Resta, contudo, um tal abismo separando Nosso
Senhor Jesus Cristo das demais criaturas, que a pergunta se impõe: na ordem das
coisas não deveria haver um outro ser que, ao menos de algum modo, preenchesse
esse hiato?
Ora, a criatura chamada a completar esse
vácuo no conjunto da criação, a criatura excelsa, infinitamente inferior a
Deus, mas ao mesmo tempo insondavelmente superior a todos os Anjos e a todos os
homens de todas as épocas – é precisamente Nossa Senhora.
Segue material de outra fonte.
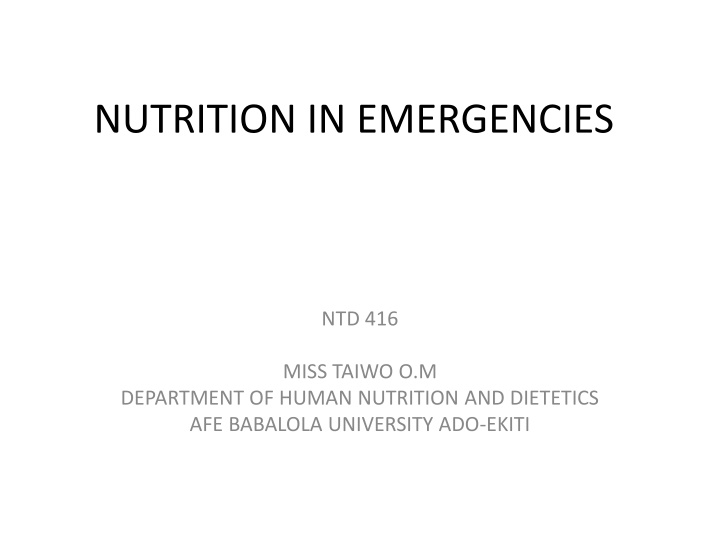 nutrition in emergencies
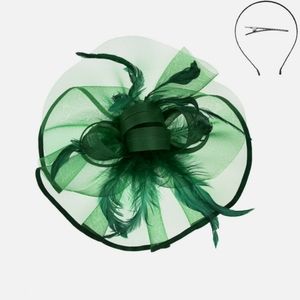 Gorgeous Green Fascinator Kentucky Derby, High Tea Church, Funeral Hat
A Virgem Santíssima é, para Deus Padre, a
mais eleita das criaturas, escolhida por Ele, desde toda a eternidade, para ser
a Esposa de Deus Espírito Santo e a Mãe de Deus Filho. Para estar á altura
dessa dignidade, Maria havia de ser a ponta de pirâmide de toda a criação,
acima dos próprios Anjos, elevada a uma inimaginável plenitude de glória, de perfeição
e de santidade.
Compreende-se. Sendo Mãe de Jesus Cristo, Ela
foi verdadeiramente Esposa do Divino Espírito Santo. E não poderia corresponder
a tão elevada prerrogativa se não fosse maior do que o maior dos Anjos. Assim,
Ela, mera criatura humana, é mais perfeita e mais santa do que toda a coorte
angélica, e incomparável com qualquer outro ser.
Elo de
ouro entre Deus e os homens
Por causa disso, Dante Alighieri, o grande
poeta italiano da Renascença, na sua “Divina Comédia” (que alguns dizem ser a
Suma Teológica de São Tomás de Aquino posta em verso), registra de modo
emocionante o momento em que encontra a Santíssima Virgem no Céu.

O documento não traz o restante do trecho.